La eternidad es tan cierta y segura como lo será nuestra muerte algún día.

« No se turbe vuestro corazón; creed en Dios, creed también en mí. En la casa de mi Padre hay muchas moradas; si no fuera así, os lo hubiera dicho; porque voy a preparar un lugar para vosotros. » Juan 14, 1-2

Según la Biblia, sabemos que Dios envió a su Hijo Jesucristo para anunciar y para demostrar con su vida ejemplar y su muerte en la Cruz, que los seres humanos después de nuestra muerte, también iniciamos una nueva vida eterna y abundante.
Esa fue la obra más importante que el Señor Jesucristo hizo en su breve paso por este mundo, y fue también la que tuvo que hacer Él mismo en persona como Hijo de Dios encarnado, para poder mostrar a la humanidad, el gran amor y la misericordia de Dios hacia nosotros, mediante su sacrificio en la cruz, y al mismo tiempo, poder dar la evidencia de la resurrección, la cual ocurrió al tercer día de su muerte.

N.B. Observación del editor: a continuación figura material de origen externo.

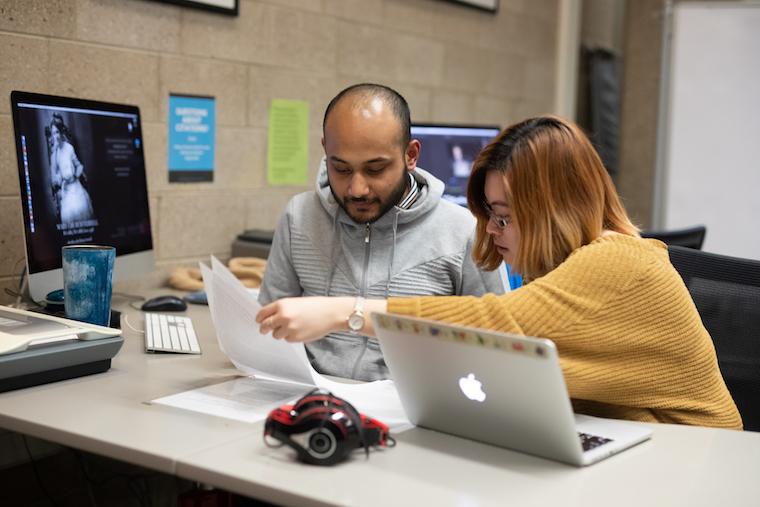 two associates at the writing center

Para vivir eternamente es necesario morir primero.
En primer lugar, porque en el preciso momento de la muerte, es cuando nuestra alma inmortal se separa del cuerpo inerte, y en segundo lugar, porque la vida eterna es una vida espiritual nueva. Dicho de otra manera: tenemos que morir en este mundo, para que después nuestra alma inmortal viva en la eternidad.

El gran Apostol San Pablo lo explica claramente en su carta a los filipenses en el capítulo 1, 21-23: «Porque para mí el vivir es Cristo, y el morir es ganancia. Mas si el vivir en la carne resulta para mí en beneficio de la obra, no sé entonces qué escoger. Porque de ambas cosas estoy puesto en estrecho, teniendo deseo de partir y estar con Cristo, lo cual es muchísimo mejor.»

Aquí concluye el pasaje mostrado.